Until that day I had never heard of Code Pink, Diane Wilson nor of a rolling fast. Over the next few months through 8 March 2003 I would document and record many of Code Pink's direct actions in WDC. My second visit to the 40 Days and 40 Nights Woman's Peace Vigil would be on that following Thursday, 21 November during which time I would learn more about Diane Wilson. A few days later when documenting the Pre-World AIDS Day Code Red Demonstration I would observe Diane Wilson in the process of an interview with another news gatherer.
Many of these women were from the West Coast or, in the case of Diane, from Texas but, in any case, was not aware of the cold temperatures in WDC during the very time of year that they were holding their vigil. Which, according to them, would last, at least, until the 8 March 2003 Womens' International Day March on Washington. It is not always easy for me to seperate myelf from the issues or subjects that I report on. So, my dropping by the Womans' Peace Vigil was sometimes in concern about the individuals that I met. Many, who according them, had not been in WDC before. Or, at least, during the cold months of November and December.
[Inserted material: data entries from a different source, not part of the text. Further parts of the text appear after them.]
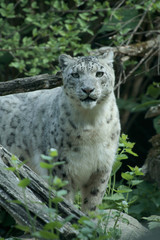 Schneeleopard oder Irbis, Panthera uncia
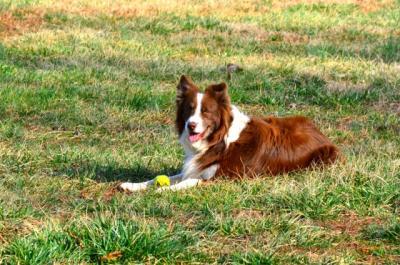 purina one lamb and rice 31.1 lbs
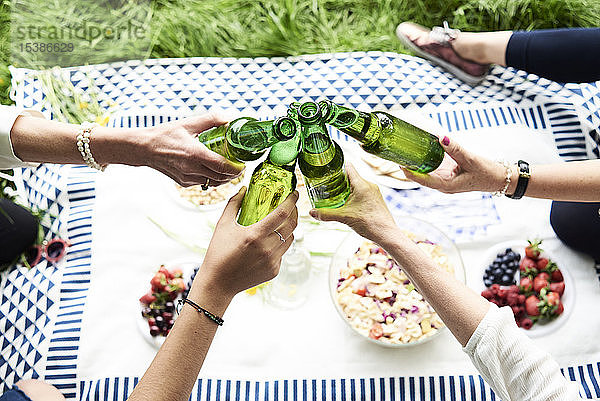 Draufsicht auf Frauen,  die bei einem Picknick im Park an Bierflaschen klirren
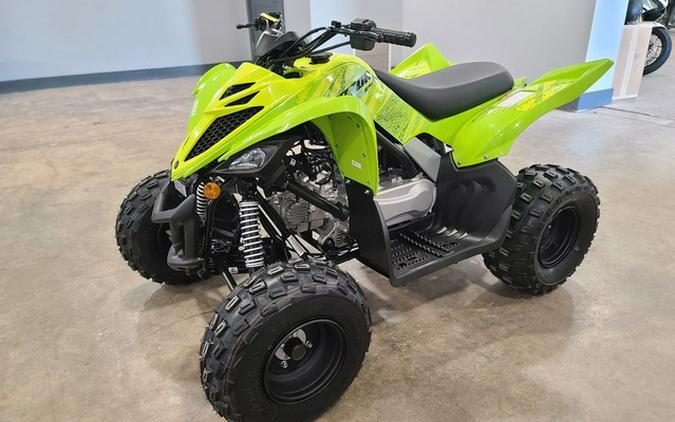 2026 Yamaha Raptor 110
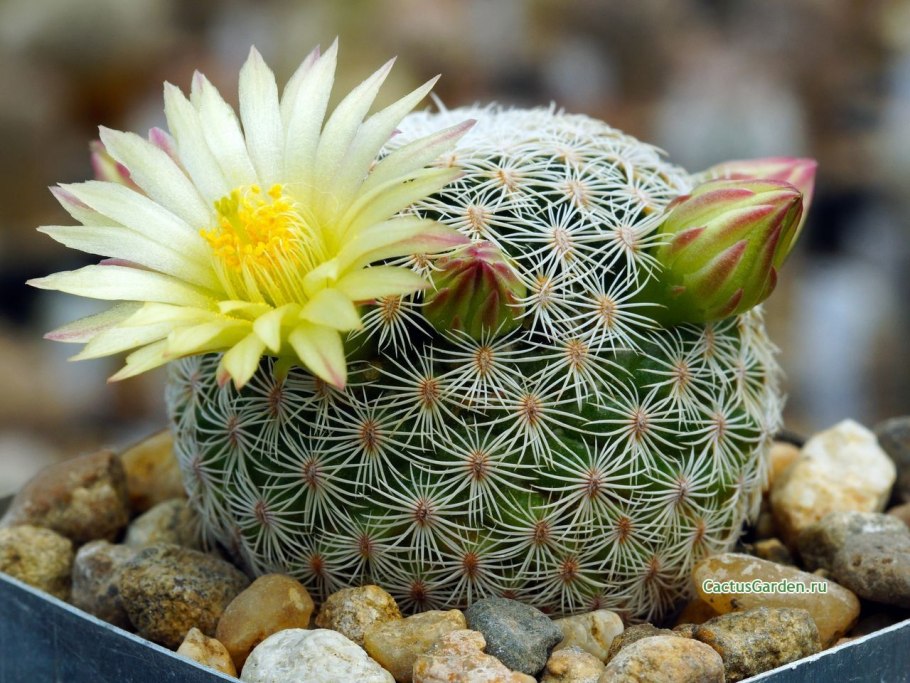 Маммиллярия фрайлеана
On Thanksgiving Day, 26 November 2002, I would walk from my apartment in the SW Waterfront area of WDC across the National Mall, along Pennsylvania Avenue, capturing Homelessnes in Washington DC and, in the process, would visit the Woman's Peace Vigil in Lafayette Park which is when I would learn that Diane had been arrested the day before.
I would return on Sunday, 1 December 2002, which marked the second week anniversary of the Woman's Vigil & Fast for Peace. And when I inquired of the status of Diane Wilson, no one seemed to know. Over the next few months I would learn that Diane had spent several months in a federal prison in the WDC area before she was released. Once released she was barred from the WDC area and in particularly was not permitted within a certain distance of the White House. At least, until her case came to trial. I would spend the weekend of 7 - 9 March 2003 documenting the Women's International March on Washington and can not now recall if Daine was in attendence. Whiule I do not know the specifics of the case nor of Diane's actions since then, I certainly was glad to see Diane Wilson at the 2006 Independence Day Troops Home Fast Hunger Strike.
Some years back and long before I had ever heard of Diane Wilson or Code Pink I had begun an "Unruly White Women" photographic and documentary project in a similar way that I had created "Angry Black Men" , "Mad Black Women" and "Angry White Men" projects. Diane Wilson, who refers to herself as An Unreasonable Woman, is definitely an 'unruly white woman'.
To learn more about Diane Wilson and her unruliness visit the Unreasonable Women of Texas blog site and/or purchase her latest book An Unreasonable Woman - A True Story of Shrimps, Politicos, Polluters, and the Fight for Seadrift, Texas.
Or visit her in Layayette Park, across from the White House, where since 4 July 2006, Diane Wilson, an unruly and unreasonable white woman, has remained on a hunger strike ... until the US troops come home from Iraq.